Even if I had tons of money and could afford to buy the best instruments in the world, rent the most expensive halls, hire the best musicians money could buy to play with me, and, through the sheer power of money, convince people to come to my concerts and praise my playing, I would still play pretty much the same way I play as a member of the un-moneyed class. Money can't buy me the things that I would like to improve in my playing. Money can't buy me a better voice. Money can't make me taller. Money could, I suppose, make me look younger, but it couldn't actually make me be younger. It can't make me smarter. It can't improve my memory. I suppose if I had lots of money I could "buy" the friendship of people who also have money, but I prefer to have friends with talent and brains who like me for who I am and not for what I have.

If I were to secretly buy a recording company, have that company hire great musicians to record music I write, and organize the best promotional campaign that money could buy, I bet people would take me more seriously as a composer, particularly if I could give the appearance (when I made one) that my wealth had been generated by my success as a composer. If it were to come out that I actually owned my recording company, and all my success came from inherited money or investments rather than from talent, I bet people would stop taking me seriously. Therefore, I'm much better off letting the music I write be taken for what it is by a relatively small number of people.

We live in a musical world of illusions, at least in the classical field. One illusion is that talent generates success, and that success must therefore be the result of talent. Another is that success as a performing musician or as a composing musician generates money and fame. I think that most un-moneyed musicians (at least in non commercial fields) operate at a subsistance level. And the DIY movement (publishing yourself, arranging your own travel, paying your own expenses, and doing your own publicity through social networking) means that you spend more time on your "career" and less time on your music.

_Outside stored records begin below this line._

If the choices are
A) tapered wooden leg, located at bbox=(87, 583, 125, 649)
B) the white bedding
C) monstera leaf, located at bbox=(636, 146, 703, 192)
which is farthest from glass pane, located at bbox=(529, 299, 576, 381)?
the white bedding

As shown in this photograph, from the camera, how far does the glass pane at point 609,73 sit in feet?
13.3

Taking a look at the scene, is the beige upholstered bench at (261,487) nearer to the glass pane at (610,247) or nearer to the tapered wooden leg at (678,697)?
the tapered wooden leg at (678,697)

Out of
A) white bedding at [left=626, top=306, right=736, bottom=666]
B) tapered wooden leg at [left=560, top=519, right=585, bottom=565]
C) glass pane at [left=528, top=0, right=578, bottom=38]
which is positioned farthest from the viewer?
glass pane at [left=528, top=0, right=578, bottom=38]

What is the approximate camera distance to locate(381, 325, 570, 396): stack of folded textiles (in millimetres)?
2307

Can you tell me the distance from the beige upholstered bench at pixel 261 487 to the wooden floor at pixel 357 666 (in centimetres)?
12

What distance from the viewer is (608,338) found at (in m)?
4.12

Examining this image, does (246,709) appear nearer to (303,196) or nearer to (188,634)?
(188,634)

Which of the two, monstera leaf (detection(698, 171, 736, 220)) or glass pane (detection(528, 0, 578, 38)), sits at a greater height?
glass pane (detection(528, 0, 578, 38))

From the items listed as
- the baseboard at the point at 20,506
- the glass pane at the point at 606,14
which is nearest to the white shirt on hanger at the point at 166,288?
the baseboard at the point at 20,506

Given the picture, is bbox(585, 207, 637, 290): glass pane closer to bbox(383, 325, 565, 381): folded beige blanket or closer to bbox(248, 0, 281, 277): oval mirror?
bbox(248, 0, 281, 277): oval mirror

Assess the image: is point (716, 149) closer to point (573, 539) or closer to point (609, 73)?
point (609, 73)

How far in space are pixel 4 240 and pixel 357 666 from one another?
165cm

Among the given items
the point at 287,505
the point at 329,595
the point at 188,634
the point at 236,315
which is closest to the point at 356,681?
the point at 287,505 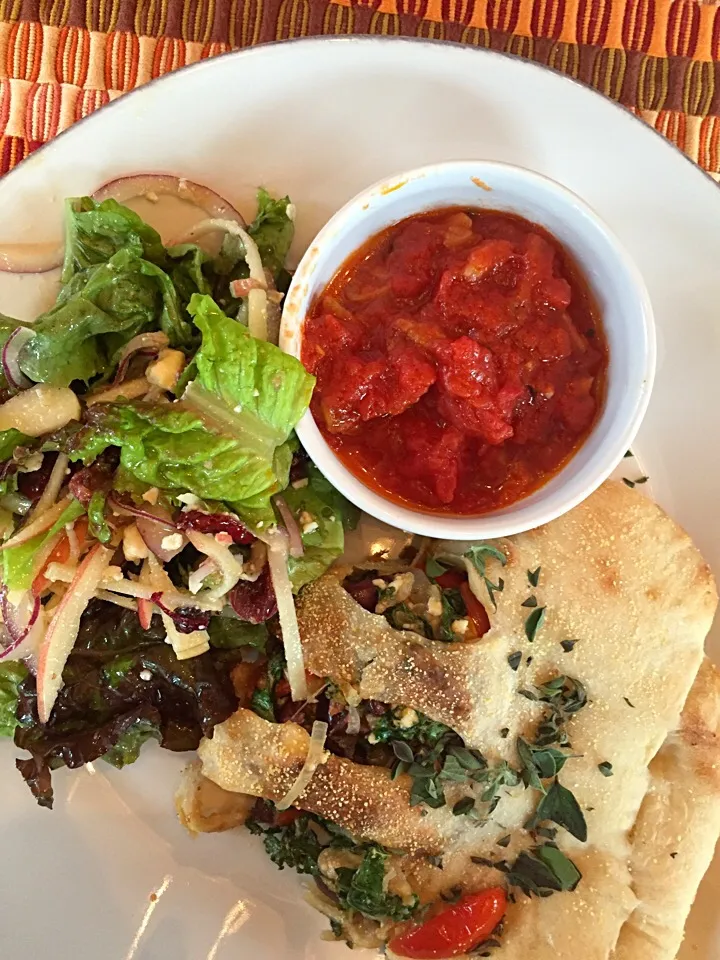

I couldn't imagine dealing with the business aspect of creating a company to publish my music: the record keeping, the space and material needed for production, the business expenses, the accounting, and the copyright stuff, not to mention the feelings of disappointment I might have when pieces don't sell, when nobody seems to want to buy the fruits of my labors. I think it's much healthier for me to make the music I write available for free for people who want to play it. I guess that makes it priceless: something money can't buy.

Sunday, July 01, 2012

Bowing Terminology



It always struck me as odd that music published during the first decade of the 20th century by Carl Fischer and many other publishers would have printed explanations of the up-bow and down-bow signs in their music. I always imagined that anybody playing anything beyond beginning violin music would know these things. Maybe the publishers weren't counting on the symbols always being viable in the future.

The upper left-hand corner of the first page of the Schubert Sonatas that the above picture comes from gives some nice translations that reveal just how colorless the words "up-bow" and "down-bow" actually are. Many of my beginning students get boggled by this terminology, because when making a down-bow stroke on the lowest string, your hand moves upwards.

The German words are confusing for the same reasons.

But look at the French words: Tirez, which translates as to draw or pull, which is what it feels like we are doing when we start a bow stroke at the frog and end at the tip (and on every string). Likewise Poussez means to push, which is what it really feels like we are doing when we begin towards the tip and end at the frog. Best of all, these French terms are verbs, implying that those signs signify some kind of action or motion.

N.B. The copy that I found in the Petrucci Library (and used for the above picture) was published by Carl Fischer in New York in 1906. My paper copy, which was one used by my father when he was a child, and perhaps even used by his father--who knows--was published in New York by G. Schirmer in 1908 (using the same plates, by the way). It doesn't have the German or French translations. Only the English "translations" of the symbols.